What is the Speaker Identification?

Module Description

The Speaker Identification module works similarly to the Face Recognition module but focuses on identifying speakers by their voices. It detects, identifies, and labels speakers in your media, using pre-trained voice models or custom-trained ones.

Customized Speaker Identification
To use a custom speaker identification model, you need to access the training function within the Deep Model Customizer.

How It Works:

- Select the Media File: Choose the media file you want to analyze.
- Activate the Speaker Identification Module: In the left column, select the "Speaker Identification" module.
- Define the Model & Parameters: Choose the model for analysis, adjust the parameters (such as minimum similarity), and click the yellow "Add Module" button.
- Start the Analysis: Either add more modules or start the analysis immediately by clicking "Start Analysis."

What Parameters are available?

Model (Dropdown)
Select from pre-trained models or your own custom-trained speaker identification models.
Currently we feature only one pre-trained model:
- Celebrities
  Several personalities, including the world's most famous people and a vast majority of German politicians and athletes

Customized Speaker Identification
To create a custom speaker identification model, you need to access the training function within the Deep Model Customizer.

Min. Similarity (Slider):
Adjust the minimum similarity score for identifying speakers.
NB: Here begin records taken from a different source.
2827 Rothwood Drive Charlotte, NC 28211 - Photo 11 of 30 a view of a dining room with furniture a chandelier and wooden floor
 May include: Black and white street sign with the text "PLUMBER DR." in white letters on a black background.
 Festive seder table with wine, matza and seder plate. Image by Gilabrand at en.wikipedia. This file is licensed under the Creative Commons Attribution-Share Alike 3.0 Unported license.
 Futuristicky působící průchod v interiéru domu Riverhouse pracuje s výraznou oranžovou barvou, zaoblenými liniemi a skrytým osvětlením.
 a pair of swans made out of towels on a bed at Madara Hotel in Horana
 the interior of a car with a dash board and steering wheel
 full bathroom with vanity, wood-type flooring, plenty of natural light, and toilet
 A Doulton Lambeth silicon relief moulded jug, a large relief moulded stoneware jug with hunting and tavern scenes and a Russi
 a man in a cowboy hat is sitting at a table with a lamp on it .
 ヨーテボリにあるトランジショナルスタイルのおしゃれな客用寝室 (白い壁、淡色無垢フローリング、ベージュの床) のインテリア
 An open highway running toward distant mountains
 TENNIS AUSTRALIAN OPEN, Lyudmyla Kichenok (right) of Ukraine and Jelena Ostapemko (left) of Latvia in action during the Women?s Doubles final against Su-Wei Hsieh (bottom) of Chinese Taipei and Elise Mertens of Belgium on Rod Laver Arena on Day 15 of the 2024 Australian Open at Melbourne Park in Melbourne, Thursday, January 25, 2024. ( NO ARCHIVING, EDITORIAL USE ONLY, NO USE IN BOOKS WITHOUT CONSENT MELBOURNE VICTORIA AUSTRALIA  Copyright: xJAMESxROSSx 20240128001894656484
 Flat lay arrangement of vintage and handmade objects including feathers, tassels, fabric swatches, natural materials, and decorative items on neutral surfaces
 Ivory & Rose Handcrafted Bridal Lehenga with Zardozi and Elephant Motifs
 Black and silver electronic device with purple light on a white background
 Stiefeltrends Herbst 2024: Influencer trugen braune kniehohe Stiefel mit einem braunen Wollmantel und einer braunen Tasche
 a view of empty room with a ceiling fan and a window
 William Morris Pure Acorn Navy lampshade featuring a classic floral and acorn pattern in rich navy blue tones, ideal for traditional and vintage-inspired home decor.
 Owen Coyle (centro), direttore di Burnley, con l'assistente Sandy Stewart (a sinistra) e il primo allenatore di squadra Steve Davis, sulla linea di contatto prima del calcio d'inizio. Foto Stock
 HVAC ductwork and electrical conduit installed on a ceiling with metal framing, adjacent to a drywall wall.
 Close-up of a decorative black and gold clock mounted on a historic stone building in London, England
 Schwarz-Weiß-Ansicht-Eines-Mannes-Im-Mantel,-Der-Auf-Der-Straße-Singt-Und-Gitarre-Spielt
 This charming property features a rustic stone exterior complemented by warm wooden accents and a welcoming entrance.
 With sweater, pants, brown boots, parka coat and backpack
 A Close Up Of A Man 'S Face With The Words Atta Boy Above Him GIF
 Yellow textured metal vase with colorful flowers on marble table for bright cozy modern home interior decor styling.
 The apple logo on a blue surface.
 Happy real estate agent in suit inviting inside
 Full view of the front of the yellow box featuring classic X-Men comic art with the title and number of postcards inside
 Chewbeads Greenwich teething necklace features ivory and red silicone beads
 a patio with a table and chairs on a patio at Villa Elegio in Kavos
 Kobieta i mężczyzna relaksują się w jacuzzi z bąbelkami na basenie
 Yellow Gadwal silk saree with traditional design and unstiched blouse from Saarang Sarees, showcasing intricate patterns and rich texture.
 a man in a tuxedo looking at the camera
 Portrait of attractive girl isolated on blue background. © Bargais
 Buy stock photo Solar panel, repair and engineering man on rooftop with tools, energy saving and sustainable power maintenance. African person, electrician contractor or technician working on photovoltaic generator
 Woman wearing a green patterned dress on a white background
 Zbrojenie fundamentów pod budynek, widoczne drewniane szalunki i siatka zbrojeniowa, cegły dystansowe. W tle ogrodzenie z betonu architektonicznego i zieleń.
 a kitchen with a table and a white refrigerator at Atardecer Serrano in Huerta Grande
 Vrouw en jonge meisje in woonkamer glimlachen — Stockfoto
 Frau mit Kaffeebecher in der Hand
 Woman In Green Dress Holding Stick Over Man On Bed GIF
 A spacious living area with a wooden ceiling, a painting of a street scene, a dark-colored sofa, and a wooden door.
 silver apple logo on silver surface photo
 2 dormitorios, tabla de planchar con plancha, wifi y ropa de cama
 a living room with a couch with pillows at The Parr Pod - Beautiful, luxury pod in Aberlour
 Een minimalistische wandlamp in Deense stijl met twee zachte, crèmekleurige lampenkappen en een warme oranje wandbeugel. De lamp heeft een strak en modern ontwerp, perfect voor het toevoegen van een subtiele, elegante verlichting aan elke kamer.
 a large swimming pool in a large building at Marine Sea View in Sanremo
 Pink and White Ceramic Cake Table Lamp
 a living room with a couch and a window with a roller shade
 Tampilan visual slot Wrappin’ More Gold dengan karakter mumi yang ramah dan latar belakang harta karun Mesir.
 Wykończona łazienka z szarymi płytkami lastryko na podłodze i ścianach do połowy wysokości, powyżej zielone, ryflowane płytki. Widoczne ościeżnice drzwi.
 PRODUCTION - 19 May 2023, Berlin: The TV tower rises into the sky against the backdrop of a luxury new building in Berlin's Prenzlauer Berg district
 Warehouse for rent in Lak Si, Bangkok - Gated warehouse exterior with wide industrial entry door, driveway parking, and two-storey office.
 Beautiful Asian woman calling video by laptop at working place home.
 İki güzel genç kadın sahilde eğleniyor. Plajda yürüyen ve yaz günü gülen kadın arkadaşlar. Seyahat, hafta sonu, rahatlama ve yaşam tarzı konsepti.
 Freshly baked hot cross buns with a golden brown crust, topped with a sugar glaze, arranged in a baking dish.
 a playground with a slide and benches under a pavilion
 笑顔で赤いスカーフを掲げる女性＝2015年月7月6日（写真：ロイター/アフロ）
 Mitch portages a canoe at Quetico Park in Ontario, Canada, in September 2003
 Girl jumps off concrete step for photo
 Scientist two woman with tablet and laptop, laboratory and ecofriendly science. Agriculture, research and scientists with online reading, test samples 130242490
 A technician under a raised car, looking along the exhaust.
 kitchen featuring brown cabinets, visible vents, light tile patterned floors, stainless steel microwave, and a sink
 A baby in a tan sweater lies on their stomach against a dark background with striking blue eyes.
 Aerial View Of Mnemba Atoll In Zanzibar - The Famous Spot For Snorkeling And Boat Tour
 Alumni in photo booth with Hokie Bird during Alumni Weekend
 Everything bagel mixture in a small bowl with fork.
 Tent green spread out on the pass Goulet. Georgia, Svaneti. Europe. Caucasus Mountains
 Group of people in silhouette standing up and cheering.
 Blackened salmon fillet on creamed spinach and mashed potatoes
A lower value returns more results, while a higher value improves accuracy.
Cluster Unknown Identities (Checkbox)
Group unrecognized speakers together as "unknown" without assigning individual IDs.
Numbering of Labels for Unknown Identities (Checkbox):
Automatically number and label all unknown speakers for easier reference.

Speaker Index:
The Speaker Index offers the easiest way to manage unknown voices. Each speaker is automatically assigned a unique ID, allowing you to rename it instantly. Normally, in the Deep Model Customizer, you would need to upload training material for each person. However, with the Speaker Index, every voice becomes recognizable right away without the need for extra training data.

Displaying the Results:

Timeline:

The Speaker Identification does currently not feature a timeline representation of the results.

Search Field:

Located in the top bar, the search field includes filter settings for refining your results.

Name field: Enter a name to view results that either match or don't match the entered name.
Sorting: Results can be sorted alphabetically, by similarity, or by duration. You can toggle between ascending and descending order.
Similarity: The similarity slider filters results based on confidence levels, displaying only results above a certain similarity threshold.

After adjusting filters, click "Apply" to apply them. Active filters appear in a black box beneath the search field and can be cleared by clicking the X symbol.

Module Section

On the right side of the player, you’ll see a section with detailed results for each module used in the analysis. Clicking on the module name opens a dropdown with specific parameters, useful for troubleshooting or viewing metadata.

Result Cards

Results are displayed as cards in chronological order. Each card provides key information, such as:

Name of the result
Indicates the detected speaker or "Unknown."
Identicons
Unique automatically generated placeholder image for the speaker label.

Identicons:
Identicons are simple, unique images created from data like an email or username. They use patterns of colored squares to give each user a distinct picture, often used on websites and apps as profile images when no photo is provided.

Similarity score:
Shows how closely the speaker’s voice matches the model.
Gender:
Indicates the gender, if recognized via voice.
Rename:
Click on the three dots (...) and choose "Rename" to relabel the result. This change will apply to both current and past recognized assets of this voice.
Show in Index Collection:
Click on the three dots (...) and choose "Show in Index Collection:" for accessing the Deep Indexer. Here you can view the indexed voice’s ID Card and Unique ID.

The Deep Indexer:
Using the Deep Indexer you can find all other assets where this voice was recognized in the past, you can relabel the person there and also deleting the Indexed Voice from all assets.
Meaning that the person will not remain in the Index but the media will still be there.